## WHAT THIS TASK INVOLVES
Repeat the records below exactly, from the first line through the line containing "Mapa de Tres", and leave out any pictures.

## RECORDS FOR PROCESSING
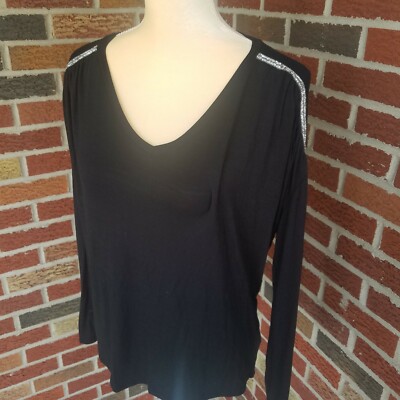 Jennifer Lopez Black Long Sleeve Dressy Rhinestone Shirt Size Small NWT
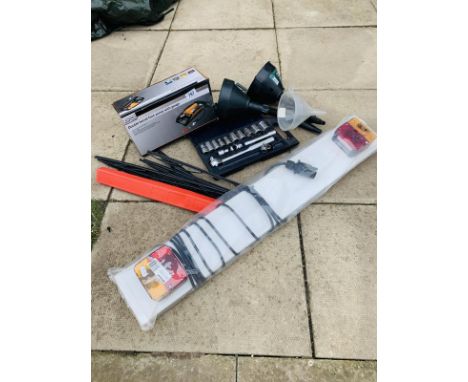 Double barrel foot pump. trailer light set, various windscreen wipers, 2x flex funnels and a Halford socket set 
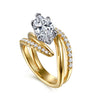 Gabriel & Co. Slate 14K White-Yellow Gold Bypass Marquise Shape Diamond Engagement Ring ER16643M8M44JJ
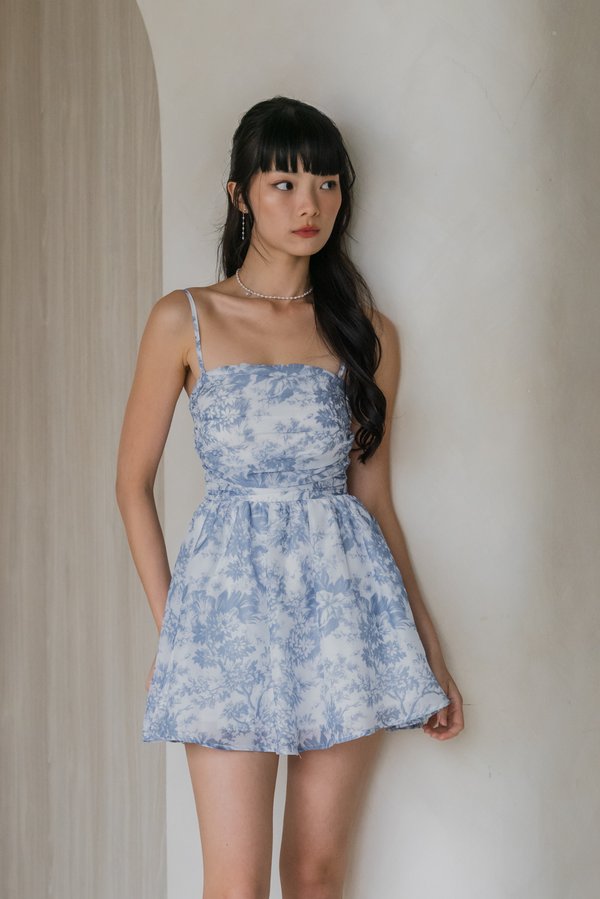 Edith Mini Romper Dress (Azure Blue Floral)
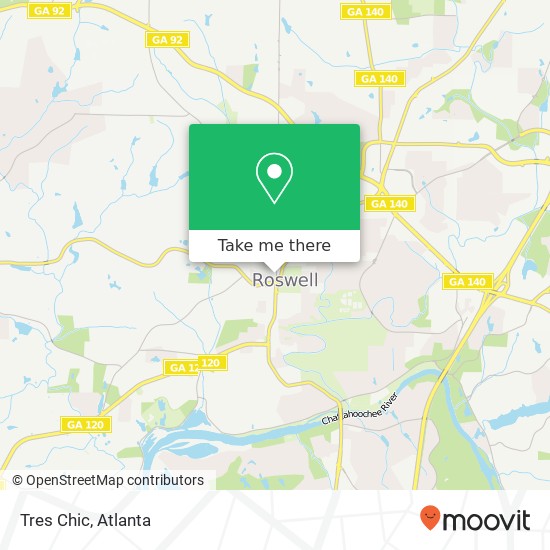 Mapa de Tres Chic, 940 Canton St Roswell, GA 30075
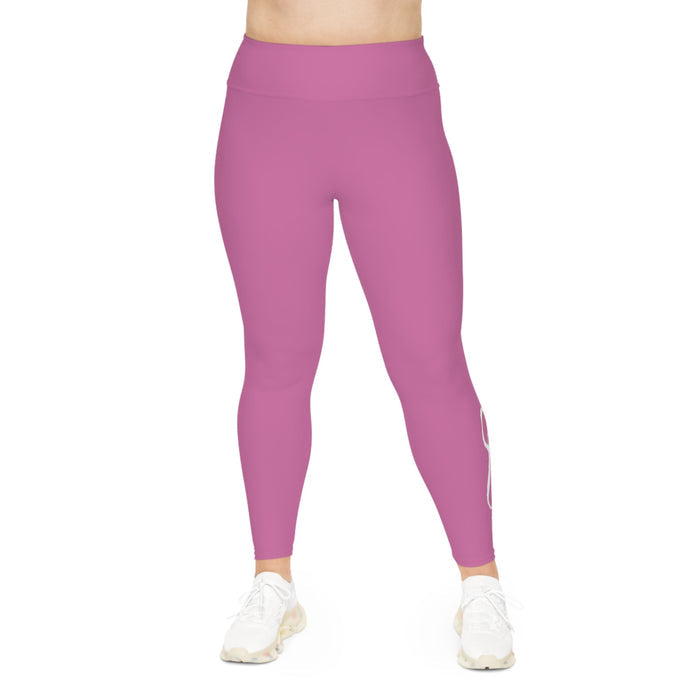 Light Pink Plus Size Leggings — Subtle Side Script Graphic, Comfortable Everyday Activewear - 314 Originals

## SOLUTION TO THIS TASK
 Jennifer Lopez Black Long Sleeve Dressy Rhinestone Shirt Size Small NWT
 Double barrel foot pump. trailer light set, various windscreen wipers, 2x flex funnels and a Halford socket set 
 Gabriel & Co. Slate 14K White-Yellow Gold Bypass Marquise Shape Diamond Engagement Ring ER16643M8M44JJ
 Edith Mini Romper Dress (Azure Blue Floral)
 Mapa de Tres Chic, 940 Canton St Roswell, GA 30075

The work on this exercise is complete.